I walk into my room on Saturday to find an ungodly scene and smell. Seems as though my roommate is really “sick” and has thrown up all over her bed. Yes, let me repeat, she has thrown up all over her bed. Thus, the only place for her to lie down was in my bed. Let me just reemphasize the fact that she had just thrown up in her bed and was now lying in my bed. She also informed me that she had to drink all my water because once again, she was sooo “sick”. The room smelt horrible and looked absolutely disgusting. Helen later informed me that she had thrown up all morning and that apparently her and another girl, her sister was staying for the weekend, had taken a shower together…I don’t really care to know. But apparently her “sickness” was gone in 4.5 hours because she was roaring to go partying once again. I guess she had that 4.5 hour bug that seems to be going around.
Today I was working on writing a proposal for a grant. I finished it by the way. Anyway, I left to go to class and I left the paper open on my computer. I came back to find that my paper now had 6,428 pages…man, it was only suppose to be 1500 words. Guess I need to cut out those last 6,422 pages…
Our toilet is driving me absolutely mad. It keeps running, then shutting off for about 15 seconds, then running, then shutting off, and you get the picture. Its like being in a room where just a drop of water is leaking, drop, drop, drop, and eventually you ram your head against the wall because for some reason that makes the water cease to drop. Although, afterwards I wake up with a huge bruise on my head and little recollection of the past five hours…and the water, well it still continues to drop.
At work today the other guy who works there was asked to go pick something up at another office. However, the lady made the mistake of saying take your time. 15 minutes pass and we start to think a search party may be needed. 25 minutes later we are thinking he has been kidnapped. 30 minutes later we are thinking what the hell happened to this kid. I then remember the hissing squirrels and the flying ufo’s, and the fact that he was a guy…it all makes sense.
Why is it that I get sucked into the most mind-numbing games? The other day I came across this game called escape. The point of the game, don’t let your little box get hit by the other boxes. It actually requires a lot of skill to perfect this game…I’m up to 21.876 seconds or so. Then there is the helicopter game where you click your mouse to go up or down and avoid these green box things, boxes are very popular with me. I’ve gotten over 3,000 and that’s no easy feat mind you.

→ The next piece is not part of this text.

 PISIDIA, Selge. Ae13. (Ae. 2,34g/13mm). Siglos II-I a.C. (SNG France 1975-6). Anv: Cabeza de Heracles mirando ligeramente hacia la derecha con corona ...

The other day I was walking to the commons and I saw the strangest thing. O, I just remembered I saw two strange things, but not on the same day or at the same time. Well of course it wasn’t at the same time, it wasn’t even on the same day…jeez. Anyway, the first amusing thing was a fork in a tree. I mean, how does a fork get in the tree. Next thing you know there will be a fork in the road…ha ha. On the other day was this guy, our age mind you, smoking a pipe. No not that kind of pipe, but one of the old-fashioned sorts of pipes your grandfather would have used. Is this a new fad or something?
Also, at work today I was given a plant. Yipppeee, I get to have a plant. I will love, and water it, and call it my little squishy. I will keep it happy and healthy and it will live forever. Hmm, now that I think of it, I think I left him at work…I’m going to make a great mom someday.